§ GIVEN DATA
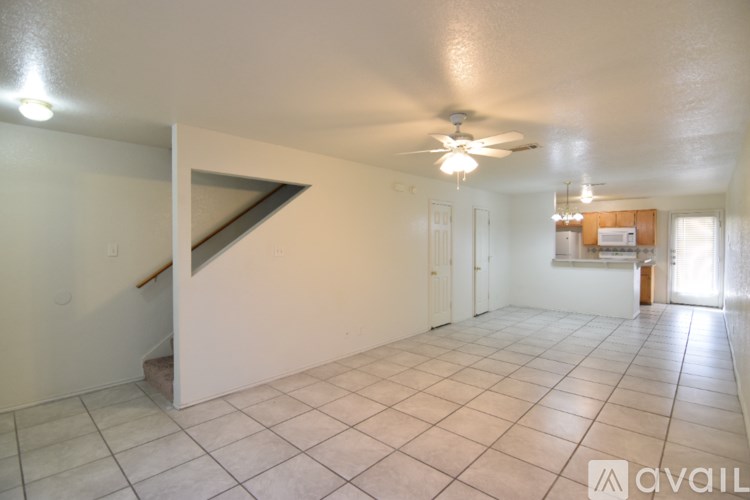 A spacious room with a fan and a staircase.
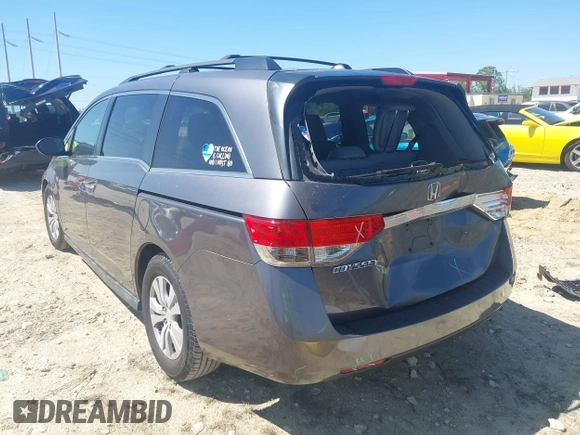 2015 Honda Odyssey EX-L with VIN 5FNRL5H61FB048170, listed as a IAAI auction lot 41822798 with 179,550 mi miles and . Bid and sale history available at DreamBid. Image 3.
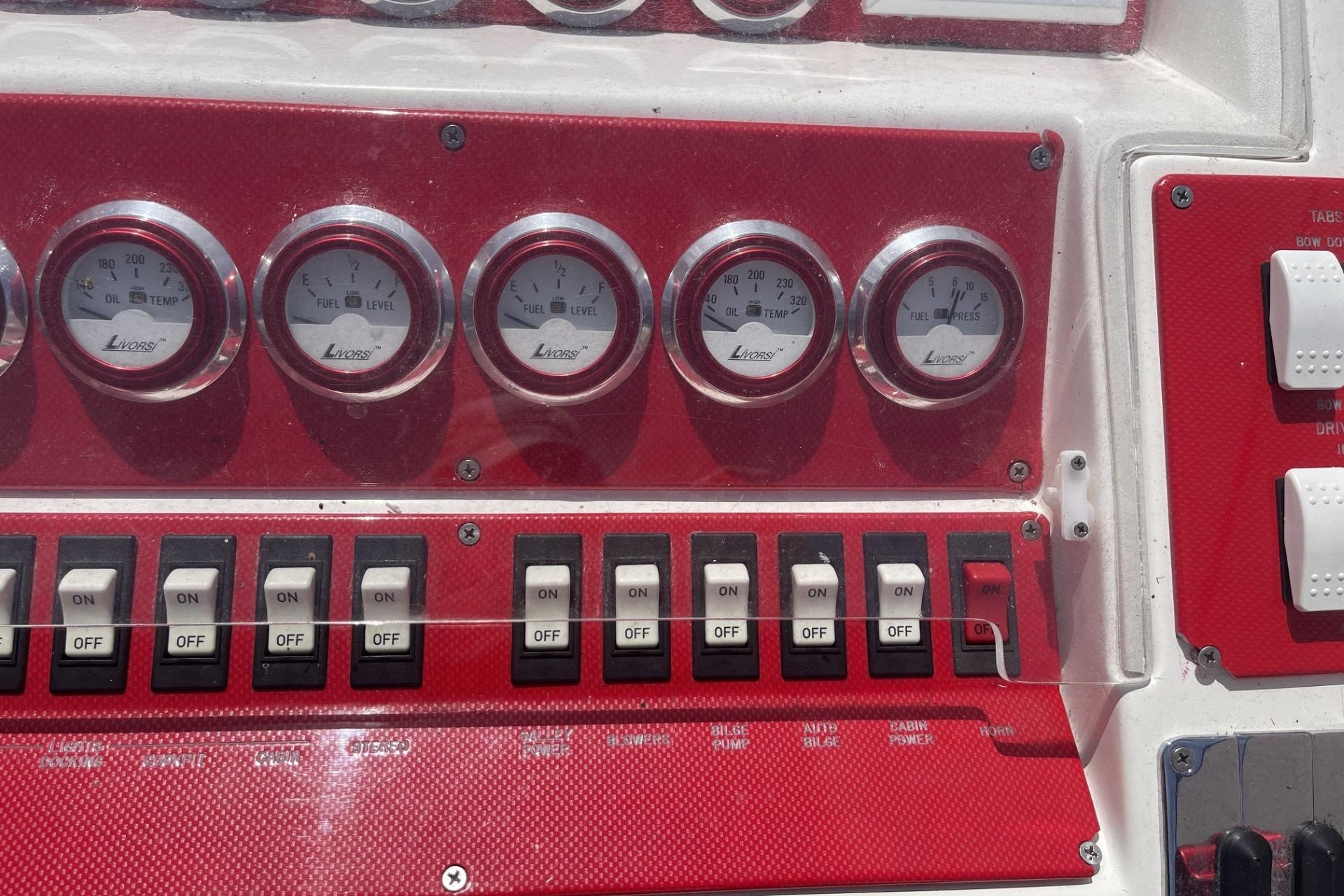 Control panel of a 2006 Sonic 386 boat with gauges and switches.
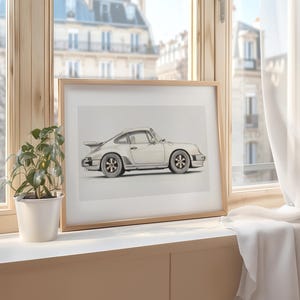 May include: A framed print of a white Porsche 911 car on a light wood windowsill. The car is drawn in a realistic style with a light gray background.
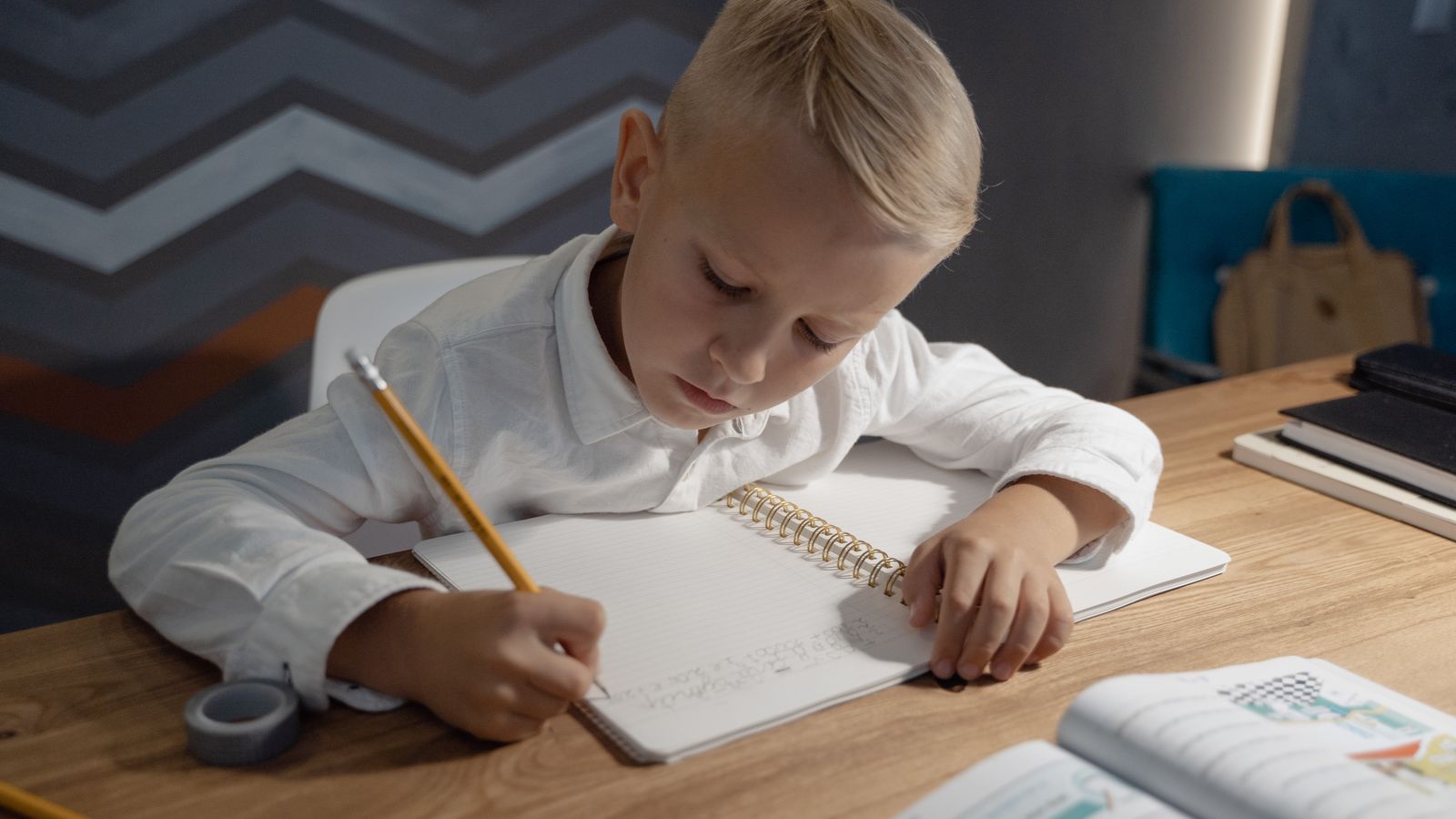 Child working at a homework desk with books and supplies organized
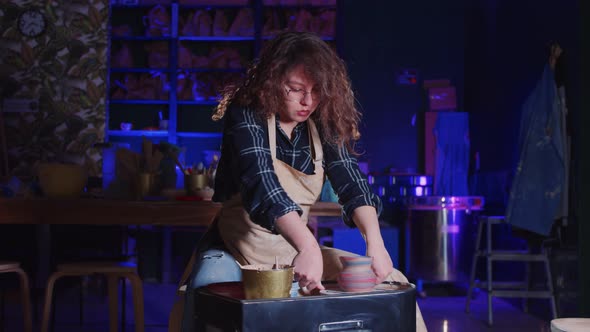 Woman with Curly Hair Taking Off a Pot From the Potter's Wheel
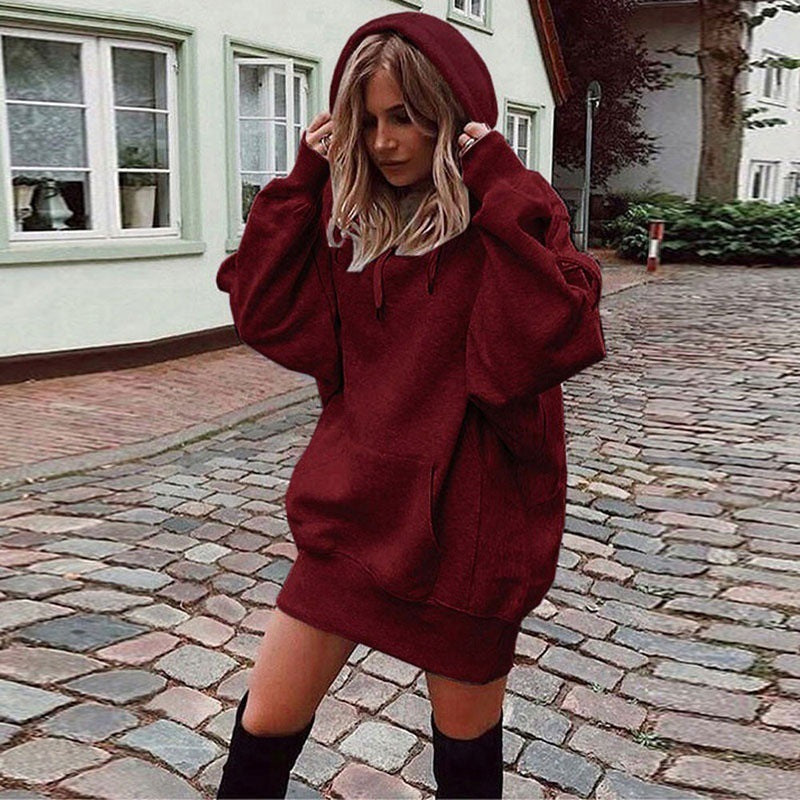 Person wearing a burgundy hoodie dress on a cobblestone street.
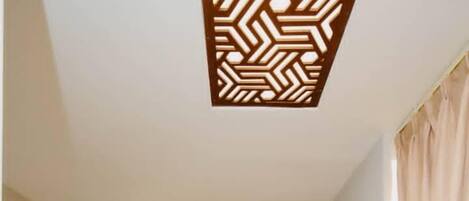 Un pasillo de hotel con una puerta roja, un escritorio de madera y una cortina color crema.
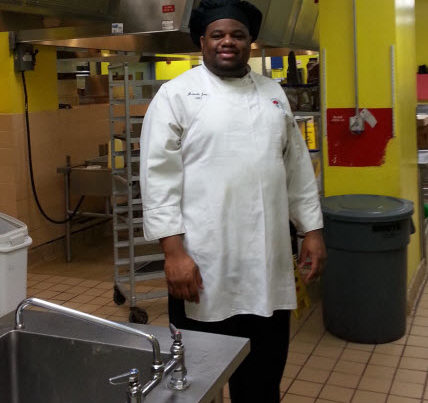 Chef in white uniform standing in a commercial kitchen.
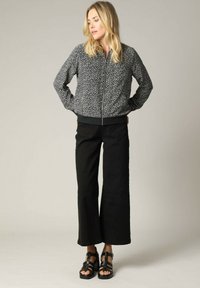 Zwart-witte gestructureerde bomberjack met een rits aan de voorkant, geribbelde manchetten en zoom, gecombineerd met wijde zwarte broeken en zwarte sandalen met bandjes.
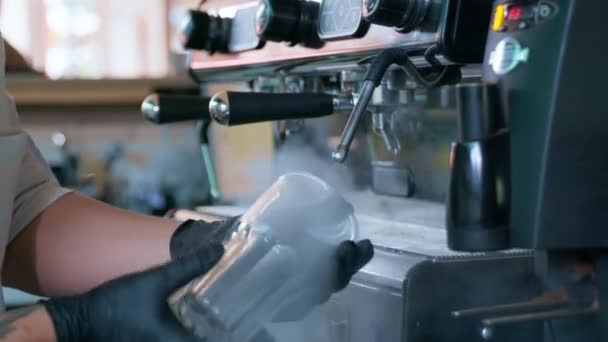 Giovane barista in guanti elabora bicchieri di vetro trasparente per cocktail con l'aiuto di vapore caldo utilizzando macchina da caffè professionale, piccola impresa — Video Stock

§ WORK TO COMPLETE
The whole listing above, word for word: repeat it with the pictures excluded.

§ RESPONSE
 A spacious room with a fan and a staircase.
 2015 Honda Odyssey EX-L with VIN 5FNRL5H61FB048170, listed as a IAAI auction lot 41822798 with 179,550 mi miles and . Bid and sale history available at DreamBid. Image 3.
 Control panel of a 2006 Sonic 386 boat with gauges and switches.
 May include: A framed print of a white Porsche 911 car on a light wood windowsill. The car is drawn in a realistic style with a light gray background.
 Child working at a homework desk with books and supplies organized
 Woman with Curly Hair Taking Off a Pot From the Potter's Wheel
 Person wearing a burgundy hoodie dress on a cobblestone street.
 Un pasillo de hotel con una puerta roja, un escritorio de madera y una cortina color crema.
 Chef in white uniform standing in a commercial kitchen.
 Zwart-witte gestructureerde bomberjack met een rits aan de voorkant, geribbelde manchetten en zoom, gecombineerd met wijde zwarte broeken en zwarte sandalen met bandjes.
 Giovane barista in guanti elabora bicchieri di vetro trasparente per cocktail con l'aiuto di vapore caldo utilizzando macchina da caffè professionale, piccola impresa — Video Stock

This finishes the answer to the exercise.